Retype the listing exactly as it stands, and keep every image out.

■ Given data
□ □ □ □ □

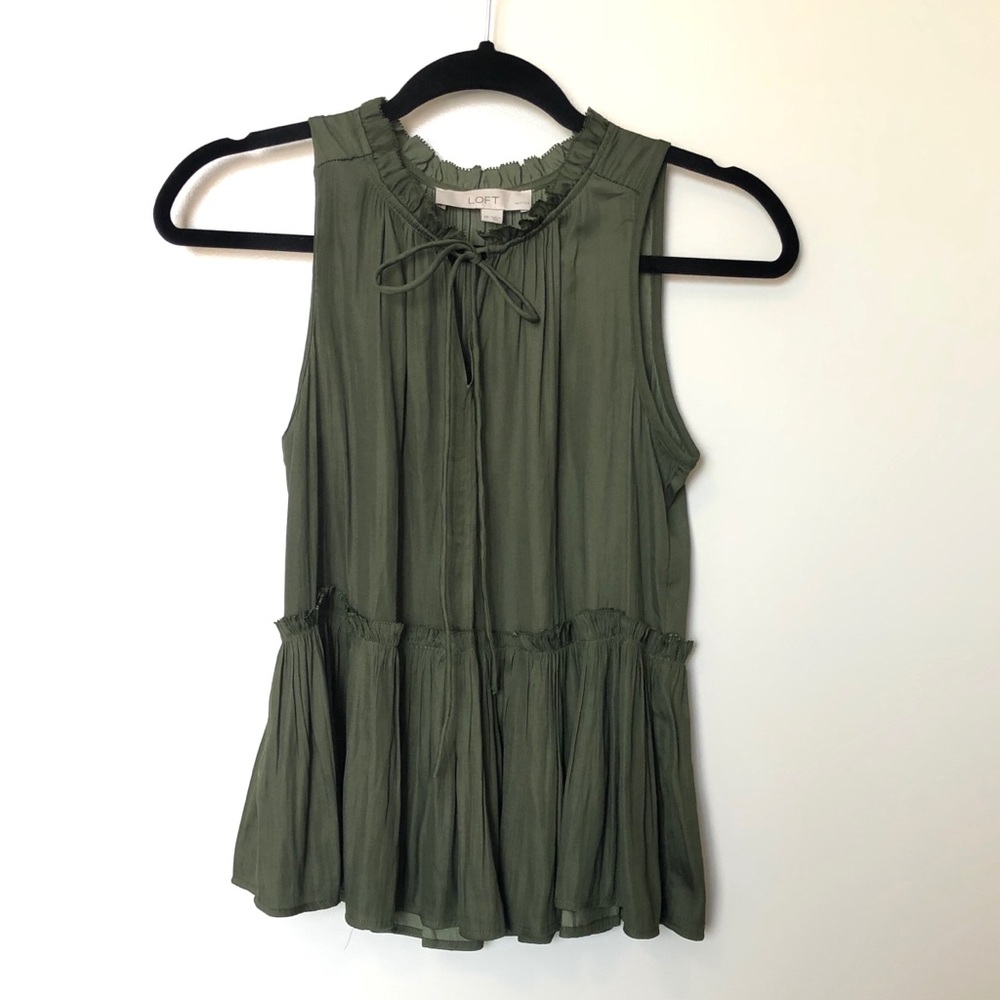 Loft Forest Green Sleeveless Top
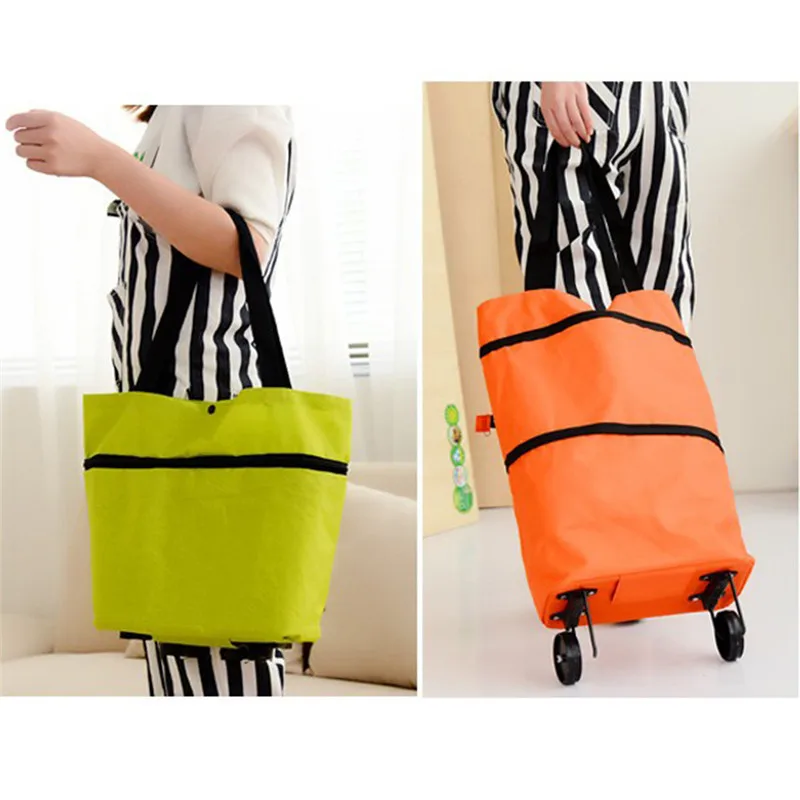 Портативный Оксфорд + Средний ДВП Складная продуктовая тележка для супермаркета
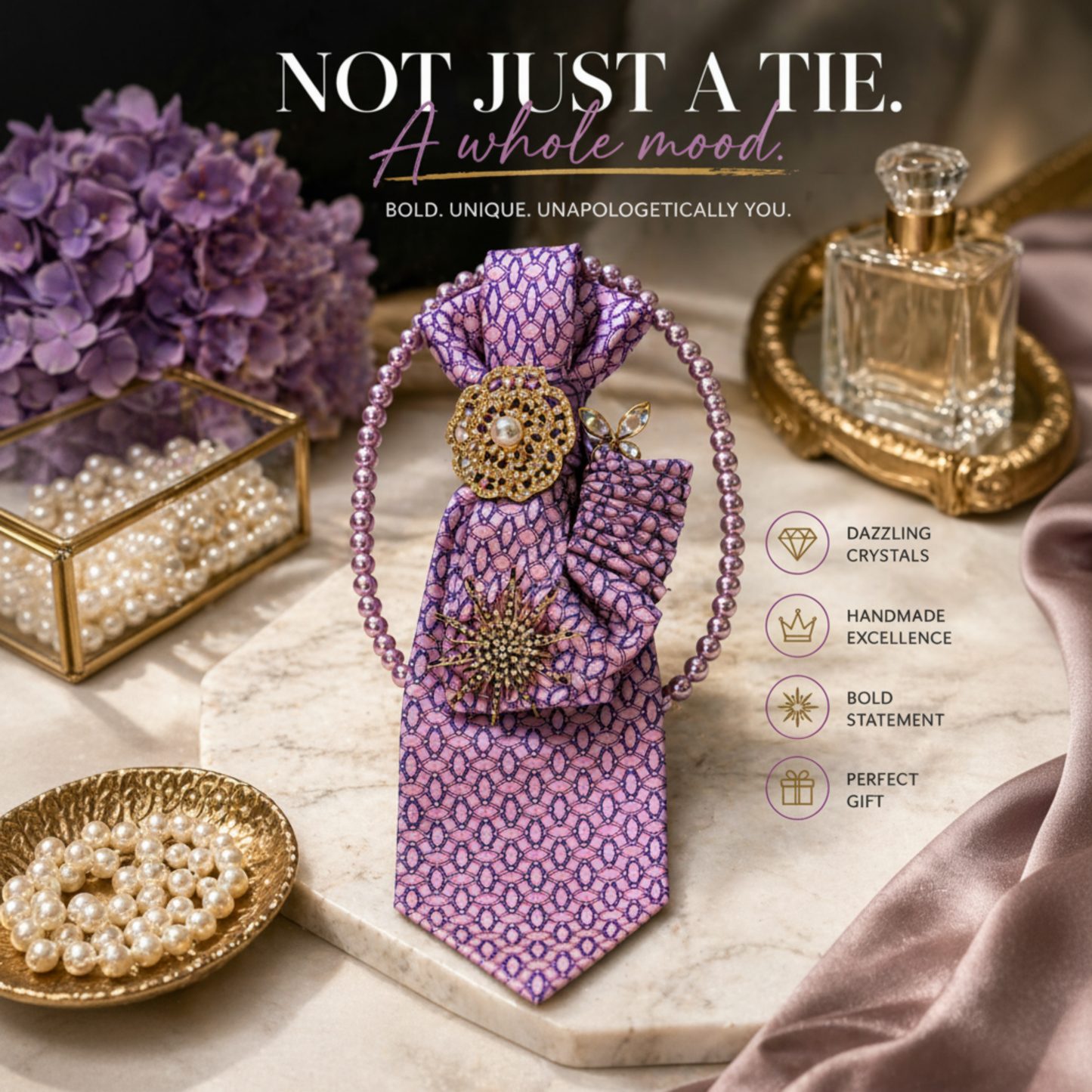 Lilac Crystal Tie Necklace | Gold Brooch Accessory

□ □ □ □ □

■ Expected output
 Loft Forest Green Sleeveless Top
 Портативный Оксфорд + Средний ДВП Складная продуктовая тележка для супермаркета
 Lilac Crystal Tie Necklace | Gold Brooch Accessory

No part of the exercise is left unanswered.